November 1, 2018 at 3:00 PM to 4:30 PM

Location:201D St. Patrick's Building
Audience:Anyone

Climate Commons Fall 2018 Workshop

(In partnership with the Institute for the Comparative Study of Literature, Art, and Culture)

On Waste and Time

Guest Facilitator: Kyveli Mavrokordopoulou, École des hautes études en sciences sociales, Paris

(Visiting Scholar, Carleton University)

Waste never really disappears. Waste accumulates and persists in the environment and as a result, introduces complex temporalities. In industrial societies of mass consumption, different types of waste are produced on a daily basis, and demand extended storage or disposal solutions. In this regard, it stands among the major environmental concerns of our time that confront humans with inhuman and non-human factors, by its temporality, non-locality and evasive nature. Scientific research around waste management may attempt to find definitive solutions (e.g. deep geological disposals for nuclear waste), but some types of waste resist any solution, and fail to be contained, determinate, or calculable (Hird, 2012).

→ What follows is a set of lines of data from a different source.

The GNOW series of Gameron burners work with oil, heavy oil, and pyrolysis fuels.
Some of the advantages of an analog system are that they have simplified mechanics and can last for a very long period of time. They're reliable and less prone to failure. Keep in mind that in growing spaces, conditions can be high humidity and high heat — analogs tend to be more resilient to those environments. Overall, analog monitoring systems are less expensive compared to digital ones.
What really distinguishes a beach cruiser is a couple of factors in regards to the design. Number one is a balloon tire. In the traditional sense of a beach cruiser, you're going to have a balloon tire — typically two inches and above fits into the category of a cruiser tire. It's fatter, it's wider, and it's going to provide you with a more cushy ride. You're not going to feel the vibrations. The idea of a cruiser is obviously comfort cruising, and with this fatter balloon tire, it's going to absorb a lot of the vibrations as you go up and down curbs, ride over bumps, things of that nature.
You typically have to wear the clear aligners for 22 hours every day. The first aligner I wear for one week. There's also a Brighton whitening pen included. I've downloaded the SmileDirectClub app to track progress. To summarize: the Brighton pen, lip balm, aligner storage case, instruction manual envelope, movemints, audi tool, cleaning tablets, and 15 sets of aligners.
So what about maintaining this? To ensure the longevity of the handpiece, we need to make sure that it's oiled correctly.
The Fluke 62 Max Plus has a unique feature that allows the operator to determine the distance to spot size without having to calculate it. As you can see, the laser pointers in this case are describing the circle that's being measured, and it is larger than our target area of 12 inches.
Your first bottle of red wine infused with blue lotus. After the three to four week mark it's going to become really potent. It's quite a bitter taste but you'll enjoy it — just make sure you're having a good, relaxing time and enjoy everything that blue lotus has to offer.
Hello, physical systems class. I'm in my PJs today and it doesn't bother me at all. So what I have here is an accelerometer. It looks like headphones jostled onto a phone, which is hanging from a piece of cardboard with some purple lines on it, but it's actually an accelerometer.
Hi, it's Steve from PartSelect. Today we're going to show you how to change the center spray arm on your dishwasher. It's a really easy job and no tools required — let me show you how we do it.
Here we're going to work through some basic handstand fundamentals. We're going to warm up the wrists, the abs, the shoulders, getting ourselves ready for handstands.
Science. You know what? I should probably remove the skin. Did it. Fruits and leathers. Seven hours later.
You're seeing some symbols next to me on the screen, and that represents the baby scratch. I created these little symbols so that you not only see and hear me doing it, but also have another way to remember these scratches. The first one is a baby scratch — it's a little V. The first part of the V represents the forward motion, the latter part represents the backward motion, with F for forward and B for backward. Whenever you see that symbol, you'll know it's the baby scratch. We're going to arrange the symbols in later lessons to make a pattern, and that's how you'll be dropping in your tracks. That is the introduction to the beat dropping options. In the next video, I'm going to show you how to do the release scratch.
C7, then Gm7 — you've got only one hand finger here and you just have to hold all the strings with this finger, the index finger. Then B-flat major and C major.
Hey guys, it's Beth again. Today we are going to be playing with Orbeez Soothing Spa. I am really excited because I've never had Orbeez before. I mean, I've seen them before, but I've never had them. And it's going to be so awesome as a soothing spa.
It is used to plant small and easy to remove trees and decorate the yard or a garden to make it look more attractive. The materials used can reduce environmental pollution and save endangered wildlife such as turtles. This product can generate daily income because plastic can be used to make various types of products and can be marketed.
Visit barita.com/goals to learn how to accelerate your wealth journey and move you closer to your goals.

Even though waste is construed as a material testimony from the past, at the same time, it projects us into the (deep) future, and hence poses additional questions: is waste a mere productof time or is it a producerof time? How does, for instance, nuclear waste’s inhuman temporality reframe ecological time? More generally, how are discarded things dispersed in a spatial and temporal sense? Departing from Mary Douglas’s influential theorisation of waste as ‘‘matter out of place’’ in Purity and Danger(1966), this workshop fleshes out questions around waste’s temporal natures through more recent scholarship; we will reread Douglas’s position through authors that stress the intricate entanglements of waste’s materiality and temporality for a future-oriented environmental thought.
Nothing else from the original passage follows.